Here’s one factor that the VA pays close attention to while other loan programs don’t even mention it. Your disposable income is the money you have left after you pay your bills. The VA likes to know that you have a certain amount of money set aside each month to cover the daily cost of living. The more dependents you have, the more money you will need. The exact amount you need also depends on the cost of living in your area. Some areas are higher cost than others.

Employment and Income Requirements

Just like any other loan program, the VA loan requires you to have stable income and employment. Just what that means is often up for interpretation.

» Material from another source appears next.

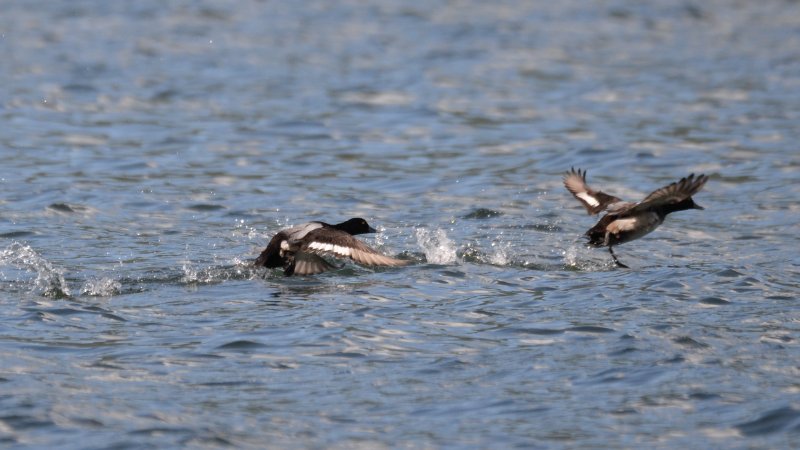 Cub-0632-Fuligule à tête noire.JPG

Like conventional loans, most loan programs require you to be at the same job for 2 years before they will use it for qualifying purposes. They also like to see rising income, or at the very least stable income. Some VA approved lenders may allow you to qualify for a VA loan without 2 years of income, if you have good reason for changing jobs. For example, if you changed jobs but stayed in the same industry, you could tell the lender that you changed jobs to gain a better opportunity.

Typically, as long as you show some type of stability, you’ll be in good shape. If you hop from job to job or have decreasing income over the past 2 years, it could be more difficult to obtain a loan. This standard is pretty much the same between any loan program though.

The VA loan can be considered ‘easier to qualify for’ than other loans because of the lack of rules the VA provides. They do carry one of the lowest default rates out of any program, so what they are doing must work. Because lenders can add their own requirements, you may come across some lenders that are ‘finickier’ than others. Luckily, you can shop around and find a lender that is less strict.